Partner
Power  /  Antecedent

You Didn’t Always Have to Be a Citizen to Vote in America

The electorate has consistently changed over time as politicians seek to shape it in their favor.

Recently, the New York City Council passed a law allowing permanent residents and those with DACA status to vote in local elections. This move comes amid a nationwide push to expressly forbid all noncitizen voting, even in states that don’t allow it. For example, Georgia Secretary of State Brad Raffensperger (R) circulated a petition for a state amendment banning noncitizen voting in Georgia. In 2020, Colorado, Florida and Alabama approved similar state amendments.

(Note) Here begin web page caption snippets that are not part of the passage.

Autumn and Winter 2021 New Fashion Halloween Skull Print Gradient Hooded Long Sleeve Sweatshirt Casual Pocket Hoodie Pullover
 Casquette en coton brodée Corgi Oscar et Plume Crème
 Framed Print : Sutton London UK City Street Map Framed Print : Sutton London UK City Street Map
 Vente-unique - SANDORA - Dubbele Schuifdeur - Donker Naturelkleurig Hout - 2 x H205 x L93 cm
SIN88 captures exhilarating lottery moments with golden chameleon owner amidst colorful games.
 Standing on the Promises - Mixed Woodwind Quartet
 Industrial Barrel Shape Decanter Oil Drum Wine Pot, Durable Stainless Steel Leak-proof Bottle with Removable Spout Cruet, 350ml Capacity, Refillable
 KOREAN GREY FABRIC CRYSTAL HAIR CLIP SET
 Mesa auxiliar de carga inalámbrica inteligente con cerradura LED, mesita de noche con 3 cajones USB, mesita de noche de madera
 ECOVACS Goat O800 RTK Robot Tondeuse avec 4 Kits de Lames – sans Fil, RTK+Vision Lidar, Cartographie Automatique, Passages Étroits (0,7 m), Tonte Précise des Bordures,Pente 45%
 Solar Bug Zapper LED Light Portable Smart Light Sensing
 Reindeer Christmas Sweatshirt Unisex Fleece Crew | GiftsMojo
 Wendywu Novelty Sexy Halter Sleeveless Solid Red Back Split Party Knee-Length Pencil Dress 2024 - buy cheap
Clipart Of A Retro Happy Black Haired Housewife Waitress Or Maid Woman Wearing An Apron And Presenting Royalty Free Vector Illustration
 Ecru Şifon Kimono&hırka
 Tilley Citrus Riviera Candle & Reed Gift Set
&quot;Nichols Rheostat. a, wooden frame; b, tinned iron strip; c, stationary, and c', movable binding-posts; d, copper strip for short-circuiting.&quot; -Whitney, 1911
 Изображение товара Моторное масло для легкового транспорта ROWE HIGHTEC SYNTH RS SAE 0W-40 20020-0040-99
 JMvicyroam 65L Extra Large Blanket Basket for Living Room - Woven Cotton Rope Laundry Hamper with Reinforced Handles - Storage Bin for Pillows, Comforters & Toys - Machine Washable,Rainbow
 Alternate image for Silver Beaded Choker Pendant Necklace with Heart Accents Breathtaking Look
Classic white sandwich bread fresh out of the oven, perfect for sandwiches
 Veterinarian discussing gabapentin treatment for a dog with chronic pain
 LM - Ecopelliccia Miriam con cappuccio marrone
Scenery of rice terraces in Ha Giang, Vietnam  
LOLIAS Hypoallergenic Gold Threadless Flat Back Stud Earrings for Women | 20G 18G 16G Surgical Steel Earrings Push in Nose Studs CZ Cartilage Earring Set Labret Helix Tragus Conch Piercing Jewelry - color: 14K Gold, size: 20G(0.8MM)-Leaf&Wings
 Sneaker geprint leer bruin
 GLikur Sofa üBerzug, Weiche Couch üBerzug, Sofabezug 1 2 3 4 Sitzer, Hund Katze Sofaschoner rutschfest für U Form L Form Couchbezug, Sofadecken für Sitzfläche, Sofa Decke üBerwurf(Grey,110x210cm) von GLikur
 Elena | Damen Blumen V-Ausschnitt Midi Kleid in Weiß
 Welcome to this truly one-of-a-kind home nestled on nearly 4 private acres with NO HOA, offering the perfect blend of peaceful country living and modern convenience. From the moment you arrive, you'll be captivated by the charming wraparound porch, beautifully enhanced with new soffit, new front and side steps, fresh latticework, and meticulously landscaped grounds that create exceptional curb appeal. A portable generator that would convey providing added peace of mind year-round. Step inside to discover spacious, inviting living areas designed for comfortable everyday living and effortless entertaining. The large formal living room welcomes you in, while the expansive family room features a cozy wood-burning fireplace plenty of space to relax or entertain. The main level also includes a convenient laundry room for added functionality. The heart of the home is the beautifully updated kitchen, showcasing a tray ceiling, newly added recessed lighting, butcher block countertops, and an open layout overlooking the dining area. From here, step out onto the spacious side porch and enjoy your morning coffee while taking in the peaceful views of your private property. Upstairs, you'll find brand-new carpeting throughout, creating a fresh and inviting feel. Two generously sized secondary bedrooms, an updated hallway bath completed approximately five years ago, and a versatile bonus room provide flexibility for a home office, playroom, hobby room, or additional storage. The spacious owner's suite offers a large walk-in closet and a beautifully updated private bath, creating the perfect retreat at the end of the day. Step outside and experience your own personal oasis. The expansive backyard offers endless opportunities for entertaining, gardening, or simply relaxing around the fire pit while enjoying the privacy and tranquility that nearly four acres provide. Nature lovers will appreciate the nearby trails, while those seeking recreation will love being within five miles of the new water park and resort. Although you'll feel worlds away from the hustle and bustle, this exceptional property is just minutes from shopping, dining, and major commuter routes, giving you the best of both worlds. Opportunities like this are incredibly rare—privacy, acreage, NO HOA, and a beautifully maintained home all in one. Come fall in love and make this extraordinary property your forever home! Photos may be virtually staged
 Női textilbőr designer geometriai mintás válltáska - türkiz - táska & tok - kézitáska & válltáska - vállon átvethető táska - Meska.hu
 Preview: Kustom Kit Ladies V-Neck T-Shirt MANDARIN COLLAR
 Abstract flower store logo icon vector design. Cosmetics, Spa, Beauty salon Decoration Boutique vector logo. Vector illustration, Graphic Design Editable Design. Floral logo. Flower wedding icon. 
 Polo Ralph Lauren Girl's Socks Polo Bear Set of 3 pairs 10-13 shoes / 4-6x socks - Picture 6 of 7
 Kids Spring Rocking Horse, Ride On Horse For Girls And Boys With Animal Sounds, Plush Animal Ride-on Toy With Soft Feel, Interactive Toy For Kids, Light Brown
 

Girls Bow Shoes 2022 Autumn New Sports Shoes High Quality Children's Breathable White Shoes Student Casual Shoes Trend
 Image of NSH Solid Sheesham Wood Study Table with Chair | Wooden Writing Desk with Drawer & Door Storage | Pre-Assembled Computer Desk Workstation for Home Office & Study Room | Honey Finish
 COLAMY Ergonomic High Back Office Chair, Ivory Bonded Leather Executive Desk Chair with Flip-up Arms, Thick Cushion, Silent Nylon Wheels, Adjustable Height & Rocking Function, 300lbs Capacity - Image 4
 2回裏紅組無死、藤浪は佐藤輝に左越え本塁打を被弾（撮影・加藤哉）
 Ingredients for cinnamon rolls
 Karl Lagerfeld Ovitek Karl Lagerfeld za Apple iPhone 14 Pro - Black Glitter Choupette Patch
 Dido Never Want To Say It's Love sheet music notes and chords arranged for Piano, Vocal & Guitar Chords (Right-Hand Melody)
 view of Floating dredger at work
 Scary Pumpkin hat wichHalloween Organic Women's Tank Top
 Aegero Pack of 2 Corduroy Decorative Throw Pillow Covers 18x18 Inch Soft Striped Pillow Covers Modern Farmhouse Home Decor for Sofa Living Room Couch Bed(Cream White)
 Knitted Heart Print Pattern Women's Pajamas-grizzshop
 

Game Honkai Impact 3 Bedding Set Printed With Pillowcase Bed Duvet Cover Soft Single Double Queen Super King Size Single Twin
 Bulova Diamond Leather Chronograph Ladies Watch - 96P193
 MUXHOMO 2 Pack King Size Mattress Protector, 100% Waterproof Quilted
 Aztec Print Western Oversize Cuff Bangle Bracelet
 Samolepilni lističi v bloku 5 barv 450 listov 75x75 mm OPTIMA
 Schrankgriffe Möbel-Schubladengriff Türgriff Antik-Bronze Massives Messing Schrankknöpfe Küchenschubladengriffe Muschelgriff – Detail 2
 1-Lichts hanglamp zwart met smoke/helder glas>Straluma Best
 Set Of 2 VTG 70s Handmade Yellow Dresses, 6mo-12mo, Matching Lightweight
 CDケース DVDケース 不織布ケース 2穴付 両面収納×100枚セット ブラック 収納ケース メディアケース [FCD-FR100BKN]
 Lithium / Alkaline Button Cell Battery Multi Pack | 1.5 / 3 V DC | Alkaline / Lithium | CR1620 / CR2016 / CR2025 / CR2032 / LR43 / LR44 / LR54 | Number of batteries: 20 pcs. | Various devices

Both approaches may come as a surprise to Americans who assume that our system has explicitly defined who may vote. But it hasn’t.

The Constitution does not define voting as a right, and who possesses this privilege has been fluid throughout American history. Politicians have long enfranchised — or disfranchised — groups to benefit those already in power. That includes immigrants. While federal law since 1996 requires voters in federal elections to be citizens, state and local governments can enfranchise noncitizens in their elections, and our nation has a long history of granting noncitizens voting rights. Approximately two-thirds of the nation, in fact, allowed noncitizens to vote at some point in their territorial or state history, though the practice became curtailed after 1926.

Efforts to limit voting rights, including those for noncitizen immigrants, have always been about reshaping the electorate as politicians see fit — choosing one’s voters — to serve particular beliefs about belonging and exclusion, in the absence of a truly representative system.

The founding generation, acting through the Confederation Congress, which governed the United States from 1781 to 1789, enfranchised immigrants in the Northwest Territory, the area west of Pennsylvania and east of the Mississippi River, for example. Noncitizen voting attracted immigrants by giving them a say in the government, and those in power saw it as training them for full citizenship.

In the Early Republic, many states and territories allowed “declarant immigrants” — those who had filed their intentions to become citizens — to vote. Under federal law, White, male immigrants who had resided in the nation for five years could naturalize as U.S. citizens three years after filing their intention to do so; allowing declarant immigrants to vote meant adding more White men to the rolls.

Then, amid the democratization of the nation in the 1820s, many states eliminated property requirements for White male voters, while erecting new barriers to political participation for women and people of color. A push to end immigrant voting was part of this restructuring of the boundaries of political rights, preserving the ballot for native-born White men amid increasing numbers of German and Irish immigrants.